Can I add one more dumb question? Let’s take an N2 molecule as an example. I think we all agree…if it has a temperature, it will radiate and for N2 the wavelength is real short. Nonetheless, isn’t this emitted energy highly-significant from an energy balance POV? It’s a short wavelength, but isn’t there a lot of it? I feel like there is a missing piece in my thinking.
Thanks!
To Robert Clemenzi
Unfortunately, those curves you link to cannot be trusted. They are only partial data.
Notice the preponderence of peaks up to 6 microns or so, then the lack of any peaks for wavelengths longer than that. In the O2 graph, for example, they skip all the way to nearly 1000 microns. They do that in the graphs because real data has never been taken in the 6 to 1000 micron range. They can only put in what they have tested or guessed (calculated).
That is the problem.
If you have followed my posts here, I have explained why. It is because those physical measurements are difficult to make. But in order to understand the true effects of O2 and N2 in the atmosphere and their contribution to the greenhouse effect, those physical absorption measurements must be made. Real data must be taken in those long wavelengths, not guessed at or calculated.

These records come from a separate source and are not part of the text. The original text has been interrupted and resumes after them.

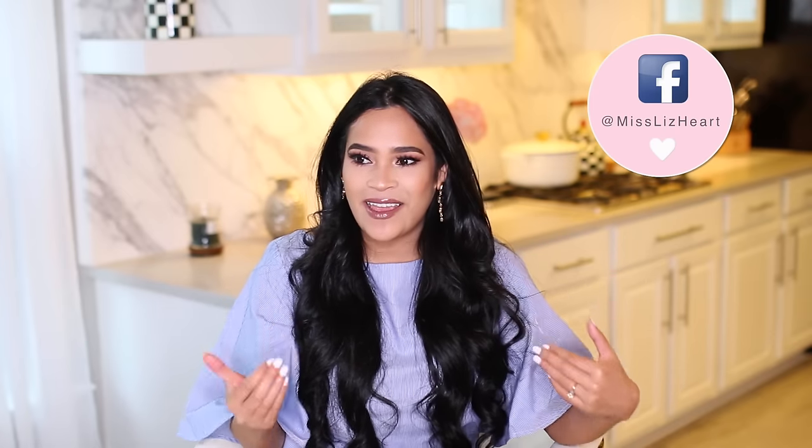Hi guys! Welcome back! We are still with the Lifestyle Sunday series, so welcome! I hope you guys are having an awesome Sunday. I know you guys are probably just as excited as I am for this video, especially if you've been following me on social media — you've gotten to see the journey and the progress of this gorgeous kitchen behind me. I'm just so grateful and I feel extremely blessed to be able to start off my 30s in my dream kitchen.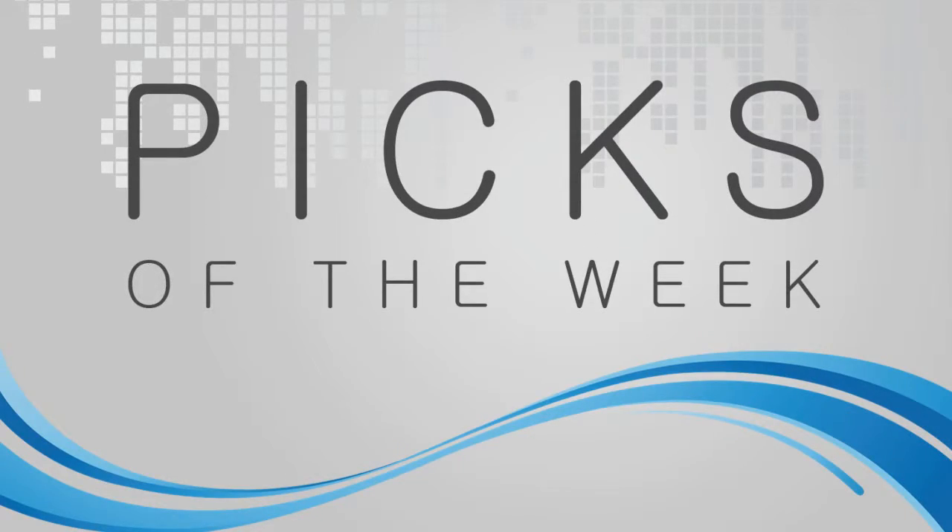Picks of the Week. My pick of the week is TweetBot from the Mac App Store. It just got rolled out today — I just purchased it today, anyways.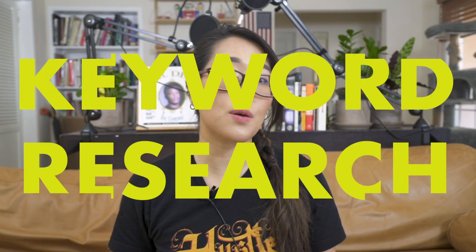These strategies are how I've been able to grow my channel in 2020 very quickly to the size that it's at now. My first tip is to do keyword research.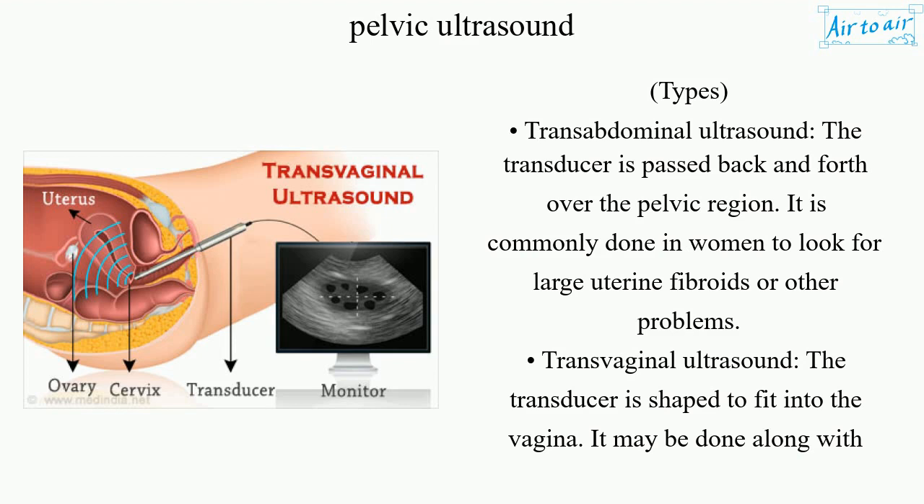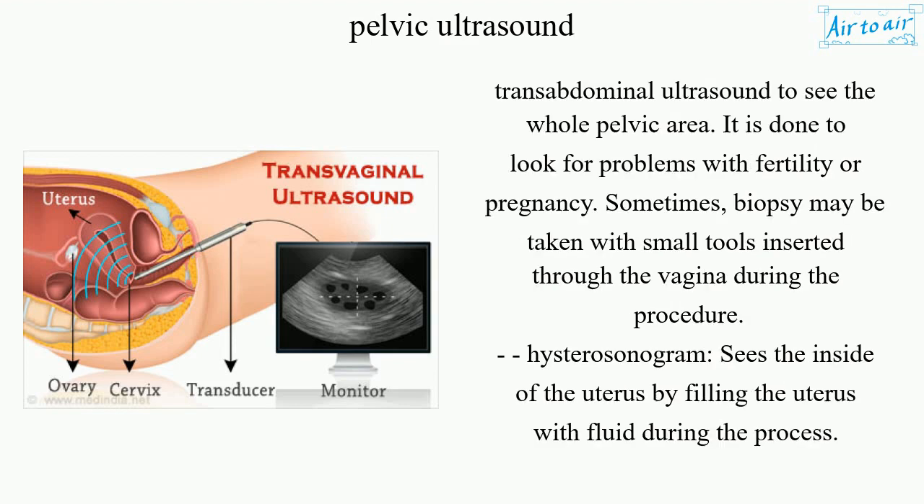Transvaginal ultrasound: the transducer is shaped to fit into the vagina. It may be done along with transabdominal ultrasound to see the whole pelvic area. It is done to look for problems with fertility or pregnancy. Sometimes, a biopsy may be taken with small tools inserted through the vagina during the procedure.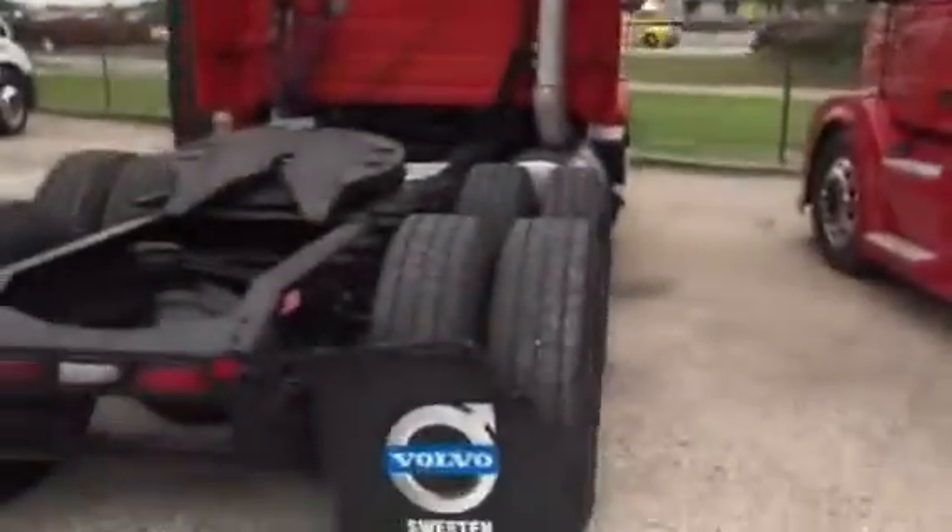Now I will show you the Volvo 430. It's a 2008 Volvo with mid-roof. The truck has not too many miles, and probably this is what you need. So here it is.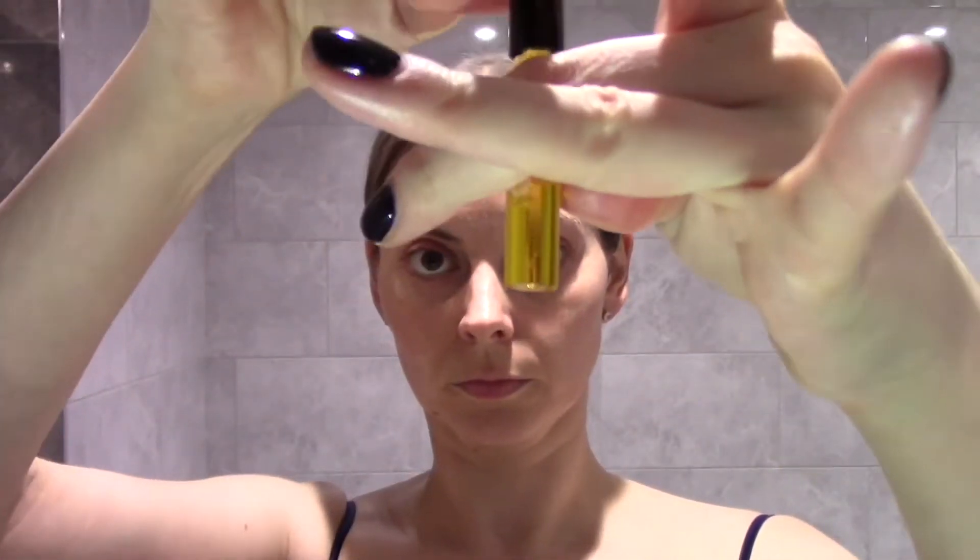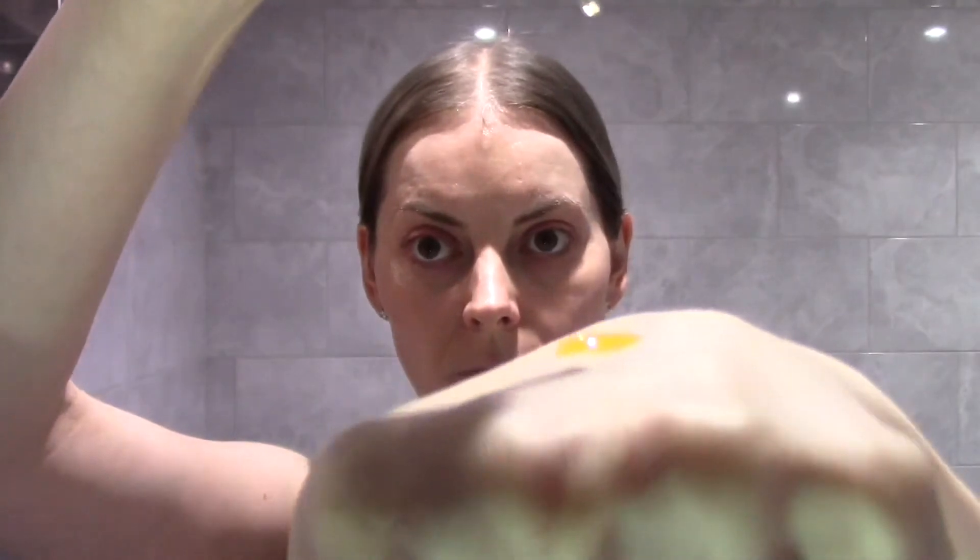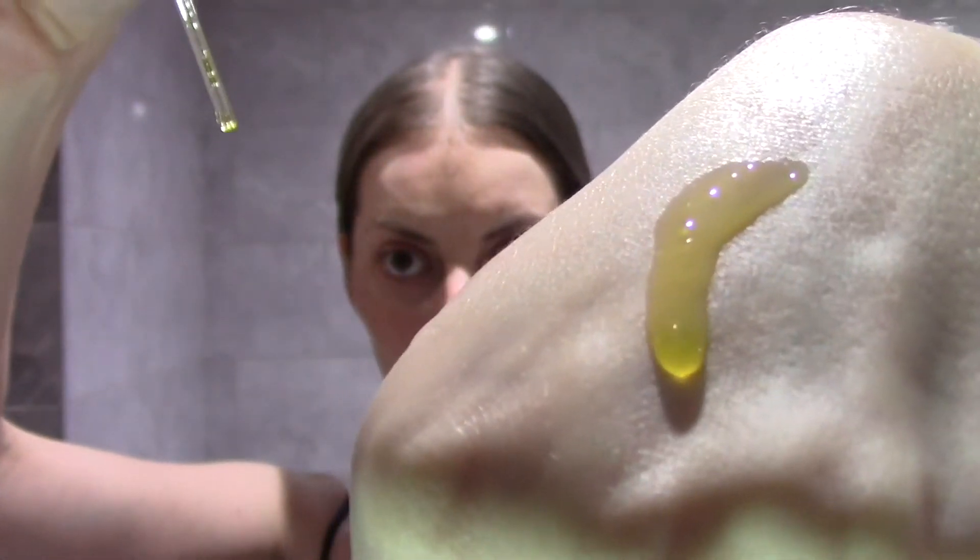There is the oil. I got a 2.2ml sample in the Space NK Advent Calendar this year, which I will also link below. That 2.2ml has a value of £13.20. There it is — that lovely yellow colour.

To Ken Coffman, and others still here
Because of this topic, I’ve started to look very closely at theAntarctic Vostock and Amendsun-Scott data. It’s the most pristine data out there.
You want to know what is really strange…that the data I’ve seen so far, from a radiational physics point of view, is showing that the ‘greenhouse effect’ of all the gases in the atmosphere is actually DECREASING! That surprised me.
Despite all the stuff we supposedly are putting into the atmosphere. Now that is indeed a shocker!
But then “Nature” has always been much different than many ‘think’ it is, always confounding man….
I am going to look into it more thoroughly.
Forgot to add…
In addition, it is water vapor, H2O, that has been saving our butts.
Ken and Mikael,
I have repeatedly given Mikael the opportunity clear up the ambiguity concerning the statement that glass is opaque to IR, by repeatedly adding the following caveat “as in that it acts as a barrier to IR.”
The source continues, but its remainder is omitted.